Hubert Nyssen aimait les libraires et il a été l'un des premiers à leur accorder de bonnes conditions commerciales, l'un des premiers à les inviter à rencontrer les auteurs : je me souviens avec émerveillement des 20 ans d'Actes Sud à Arles où j'avais eu le bonheur de rencontrer Hella Haasse, cette grande dame des lettres néerlandaises (qui vient de disparaître) qu'il avait fait découvrir. Sans lui, nous n'aurions pas pu inviter Paul Auster, Russell Banks, Nancy Huston, Claude Pujade-Renaud, Alberto Manguel, André Brink, Laurent Gaudé et tant d'autres. Hubert Nyssen aimait venir en librairie parler des auteurs qu'il publiait et qui étaient souvent devenus ses amis. Nous l'avions reçu en 1995 pour le prix Lucioles attribué à De beaux lendemains en compagnie de Christine Le Boeuf, son épouse et la traductrice du livre de Russell Banks. Sa passion pour les livres et les auteurs était contagieuse !
La dernière fois que je l'ai rencontré, c'était en 2008 pour les 30 ans d'Actes Sud, il était heureux et ému que Paul Auster en ait fait l'un des personnages de son livre Seul dans le noir. Merci, Hubert Nyssen, de nous avoir accompagnés pendant toutes ces années, merci de nous avoir permis de lire et de conseiller des univers que nous n'aurions pas connus sans vous. »
La ferveur amicale, par Brigitte de Meeûs, directrice de la librairie Tropismes à Bruxelles
"Tropismes est profondément attristé par la disparition d'Hubert Nyssen, fondateur visionnaire des éditions Actes Sud. Mille choses émouvantes partagées avec lui nous portent à saluer en lui l'éditeur militant qui, dès la création de sa maison d'édition, a privilégié la relation de complicité avec les libraires, grands et petits, dont Tropismes, où il est venu souvent présenter sa rentrée éditoriale lors de petits déjeuners mémorables. Nous avons admiré la ferveur amicale avec laquelle il soutenait ses auteurs autant que ses libraires. Adieu et merci Monsieur Nyssen."

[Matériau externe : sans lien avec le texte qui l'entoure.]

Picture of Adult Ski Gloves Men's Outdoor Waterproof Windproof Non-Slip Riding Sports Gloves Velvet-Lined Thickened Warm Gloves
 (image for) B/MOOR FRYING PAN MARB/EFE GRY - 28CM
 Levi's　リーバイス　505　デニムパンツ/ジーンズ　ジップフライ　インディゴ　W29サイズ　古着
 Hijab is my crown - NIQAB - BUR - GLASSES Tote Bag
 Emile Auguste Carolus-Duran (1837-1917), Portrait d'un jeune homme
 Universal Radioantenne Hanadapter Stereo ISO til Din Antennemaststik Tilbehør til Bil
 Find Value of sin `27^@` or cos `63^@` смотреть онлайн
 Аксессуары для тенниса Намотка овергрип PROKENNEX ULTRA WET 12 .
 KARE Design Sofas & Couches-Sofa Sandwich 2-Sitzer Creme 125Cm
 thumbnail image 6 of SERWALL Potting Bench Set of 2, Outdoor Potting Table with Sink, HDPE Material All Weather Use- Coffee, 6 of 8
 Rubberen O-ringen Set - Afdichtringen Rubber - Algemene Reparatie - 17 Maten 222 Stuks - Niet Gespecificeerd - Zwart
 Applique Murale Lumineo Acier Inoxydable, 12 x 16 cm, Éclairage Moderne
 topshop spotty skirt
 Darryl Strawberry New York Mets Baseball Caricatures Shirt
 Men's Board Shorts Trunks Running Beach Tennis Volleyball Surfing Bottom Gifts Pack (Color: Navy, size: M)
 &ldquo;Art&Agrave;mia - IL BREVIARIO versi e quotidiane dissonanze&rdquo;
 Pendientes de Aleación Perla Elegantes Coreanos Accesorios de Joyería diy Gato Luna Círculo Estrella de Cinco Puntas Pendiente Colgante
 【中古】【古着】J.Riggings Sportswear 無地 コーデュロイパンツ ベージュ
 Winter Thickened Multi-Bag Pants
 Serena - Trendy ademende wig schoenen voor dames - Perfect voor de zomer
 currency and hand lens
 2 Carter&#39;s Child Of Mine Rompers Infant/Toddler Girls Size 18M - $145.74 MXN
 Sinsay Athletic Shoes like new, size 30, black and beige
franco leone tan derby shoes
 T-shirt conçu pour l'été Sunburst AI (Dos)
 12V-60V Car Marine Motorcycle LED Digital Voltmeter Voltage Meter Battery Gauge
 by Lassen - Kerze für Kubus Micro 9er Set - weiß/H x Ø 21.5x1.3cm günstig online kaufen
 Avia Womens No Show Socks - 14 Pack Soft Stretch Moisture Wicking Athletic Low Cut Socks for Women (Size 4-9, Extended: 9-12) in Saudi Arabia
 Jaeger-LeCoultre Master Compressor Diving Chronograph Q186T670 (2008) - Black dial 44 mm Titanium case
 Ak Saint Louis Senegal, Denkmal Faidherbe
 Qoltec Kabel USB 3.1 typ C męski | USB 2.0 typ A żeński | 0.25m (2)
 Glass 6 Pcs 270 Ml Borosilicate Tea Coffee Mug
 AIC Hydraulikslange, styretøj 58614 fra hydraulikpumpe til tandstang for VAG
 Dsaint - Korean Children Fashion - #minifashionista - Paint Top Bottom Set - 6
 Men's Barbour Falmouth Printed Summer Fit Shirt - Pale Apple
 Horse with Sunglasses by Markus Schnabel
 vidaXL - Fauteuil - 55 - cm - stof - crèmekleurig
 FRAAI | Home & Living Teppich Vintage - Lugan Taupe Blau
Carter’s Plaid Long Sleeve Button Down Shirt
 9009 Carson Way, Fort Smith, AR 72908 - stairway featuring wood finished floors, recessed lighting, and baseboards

La capacité de s'émerveiller, par Alain Flammarion, vice-président de Flammarion, et Teresa Cremisi, P-DG de Flammarion
"Nous avons perdu un ami, un compagnon de route. C'était un éditeur-né, ouvert à tous les vents de la curiosité. Il avait gardé la capacité de s'émerveiller, il avait compris que la réussite d'une vie se mesure aussi à l'excitation des projets collectifs, au plaisir du travail commun. Il était original, discret, affectueux.
Oui, c'était notre ami. Et nous ne l'oublierons pas."